I have a 6.5mm284 barrel. I found the dies cheap, seems the previous owner was misinformed and misguided, he ground the bottom of the die because he had a short chambered rifle. No problem for me, I adjust the die to size the length of the case when off setting the length of the chamber. I have a good grip on the concept of zero, for me there is the 'either side of zero'.

I start after I have the dies, cases and barrel, just over a month ago I started rounding up cases, my cases. I needed 300 belted magnum to start with so I started sorting. I now have the cases in order.

Belted magnum: In the beginning little concern was given to the chamber in front of the belt, it was a matter of pinning the case to the rear and pulling the trigger. All the case body had to do was fill the chamber. Seems nothing has changed. I have a box of Hornady 7mm Remington 2/Magnum with coated bullets. The length of the case from shoulder/datum to the case head is shortern by .020" than any of the 200+ 7mm Remington cases I have.

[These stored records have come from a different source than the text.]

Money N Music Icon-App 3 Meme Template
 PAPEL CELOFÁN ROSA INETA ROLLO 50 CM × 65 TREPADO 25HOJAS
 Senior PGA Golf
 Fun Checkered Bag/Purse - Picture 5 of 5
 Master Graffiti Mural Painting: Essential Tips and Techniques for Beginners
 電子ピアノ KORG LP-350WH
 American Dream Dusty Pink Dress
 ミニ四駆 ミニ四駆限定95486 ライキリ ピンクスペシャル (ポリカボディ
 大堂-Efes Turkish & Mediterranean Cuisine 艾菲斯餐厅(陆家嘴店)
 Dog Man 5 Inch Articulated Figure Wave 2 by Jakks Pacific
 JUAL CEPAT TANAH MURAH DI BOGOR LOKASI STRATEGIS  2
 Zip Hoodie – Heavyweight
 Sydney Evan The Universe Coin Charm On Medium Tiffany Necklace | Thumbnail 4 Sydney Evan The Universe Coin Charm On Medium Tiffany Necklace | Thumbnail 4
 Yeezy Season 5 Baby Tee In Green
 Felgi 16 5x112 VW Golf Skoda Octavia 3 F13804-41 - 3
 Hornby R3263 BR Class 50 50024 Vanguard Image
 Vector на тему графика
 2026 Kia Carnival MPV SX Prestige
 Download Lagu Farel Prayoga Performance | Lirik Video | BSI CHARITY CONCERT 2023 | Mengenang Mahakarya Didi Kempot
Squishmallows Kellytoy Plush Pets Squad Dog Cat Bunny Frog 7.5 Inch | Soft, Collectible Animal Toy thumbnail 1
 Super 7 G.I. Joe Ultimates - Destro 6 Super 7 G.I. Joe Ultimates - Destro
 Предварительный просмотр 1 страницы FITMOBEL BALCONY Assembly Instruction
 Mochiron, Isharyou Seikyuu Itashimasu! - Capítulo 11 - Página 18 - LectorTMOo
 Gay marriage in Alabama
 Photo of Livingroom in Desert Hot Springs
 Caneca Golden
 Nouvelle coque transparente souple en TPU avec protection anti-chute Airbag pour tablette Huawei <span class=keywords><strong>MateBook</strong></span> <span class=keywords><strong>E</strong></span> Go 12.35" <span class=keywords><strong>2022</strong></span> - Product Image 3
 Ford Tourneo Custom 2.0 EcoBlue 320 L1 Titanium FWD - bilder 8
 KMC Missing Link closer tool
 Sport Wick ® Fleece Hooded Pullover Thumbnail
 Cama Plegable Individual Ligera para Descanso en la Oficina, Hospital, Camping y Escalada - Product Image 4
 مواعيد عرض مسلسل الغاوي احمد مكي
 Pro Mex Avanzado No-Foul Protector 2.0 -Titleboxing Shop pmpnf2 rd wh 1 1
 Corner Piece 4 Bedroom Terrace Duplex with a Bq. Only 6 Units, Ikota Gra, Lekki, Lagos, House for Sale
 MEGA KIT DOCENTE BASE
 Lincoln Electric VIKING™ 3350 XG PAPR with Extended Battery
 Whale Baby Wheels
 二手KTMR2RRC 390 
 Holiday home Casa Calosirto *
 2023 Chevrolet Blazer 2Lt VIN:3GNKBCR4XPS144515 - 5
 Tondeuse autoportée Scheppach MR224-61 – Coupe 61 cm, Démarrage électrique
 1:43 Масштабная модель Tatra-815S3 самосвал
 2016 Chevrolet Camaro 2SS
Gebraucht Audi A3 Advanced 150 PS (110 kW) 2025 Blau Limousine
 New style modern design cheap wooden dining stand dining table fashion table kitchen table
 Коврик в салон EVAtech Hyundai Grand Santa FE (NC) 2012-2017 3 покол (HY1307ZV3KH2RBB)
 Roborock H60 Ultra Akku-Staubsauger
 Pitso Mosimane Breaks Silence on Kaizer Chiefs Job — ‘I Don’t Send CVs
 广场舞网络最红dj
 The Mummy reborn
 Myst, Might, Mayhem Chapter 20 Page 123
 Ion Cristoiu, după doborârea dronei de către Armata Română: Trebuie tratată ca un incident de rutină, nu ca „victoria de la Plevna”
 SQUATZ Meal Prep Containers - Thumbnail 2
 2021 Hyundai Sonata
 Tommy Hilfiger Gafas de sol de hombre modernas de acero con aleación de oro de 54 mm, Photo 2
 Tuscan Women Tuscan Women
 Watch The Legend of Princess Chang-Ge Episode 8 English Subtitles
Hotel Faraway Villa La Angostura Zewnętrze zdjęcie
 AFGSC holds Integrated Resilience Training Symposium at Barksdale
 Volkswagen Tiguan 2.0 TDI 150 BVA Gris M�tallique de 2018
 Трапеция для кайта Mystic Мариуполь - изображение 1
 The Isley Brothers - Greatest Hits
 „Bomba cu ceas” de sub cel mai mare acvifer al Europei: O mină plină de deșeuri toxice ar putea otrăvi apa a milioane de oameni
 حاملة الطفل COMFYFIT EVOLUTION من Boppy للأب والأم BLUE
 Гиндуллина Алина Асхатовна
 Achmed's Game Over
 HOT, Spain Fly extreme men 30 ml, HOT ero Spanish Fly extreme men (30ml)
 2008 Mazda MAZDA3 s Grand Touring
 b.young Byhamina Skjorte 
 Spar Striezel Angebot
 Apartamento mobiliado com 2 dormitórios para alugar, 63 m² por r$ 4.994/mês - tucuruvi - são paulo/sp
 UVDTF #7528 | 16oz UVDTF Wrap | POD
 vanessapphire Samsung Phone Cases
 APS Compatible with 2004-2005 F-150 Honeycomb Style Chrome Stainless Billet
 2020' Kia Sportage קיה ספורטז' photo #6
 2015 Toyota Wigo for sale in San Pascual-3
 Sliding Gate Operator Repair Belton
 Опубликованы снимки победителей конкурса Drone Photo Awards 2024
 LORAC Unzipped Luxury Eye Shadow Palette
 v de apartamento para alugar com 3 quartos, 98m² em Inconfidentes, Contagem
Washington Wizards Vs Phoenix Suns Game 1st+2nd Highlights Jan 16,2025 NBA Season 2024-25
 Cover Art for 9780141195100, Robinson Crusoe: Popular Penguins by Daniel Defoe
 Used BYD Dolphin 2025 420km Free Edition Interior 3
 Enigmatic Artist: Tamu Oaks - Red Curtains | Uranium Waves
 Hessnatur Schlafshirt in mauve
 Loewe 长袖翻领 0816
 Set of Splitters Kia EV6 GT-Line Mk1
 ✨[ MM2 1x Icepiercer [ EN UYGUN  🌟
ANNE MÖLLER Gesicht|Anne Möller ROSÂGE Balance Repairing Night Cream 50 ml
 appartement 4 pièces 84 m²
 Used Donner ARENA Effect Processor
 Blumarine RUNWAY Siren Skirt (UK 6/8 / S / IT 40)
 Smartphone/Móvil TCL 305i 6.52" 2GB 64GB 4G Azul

When I install the barrel I will decide if the rifle will shoot new factory ammo with lots of room for the case to travel or cases that have been sized to minimum length/full length sized.

F. Guffey
 
Mr Guffey, what you said reminded me of a question I had on belted magnum cases. After these cases are all once-fired, will you size them to headspace on the belt or on the shoulders? I would go for the latter.

Not trying to hijack the thread, but just remembered the question.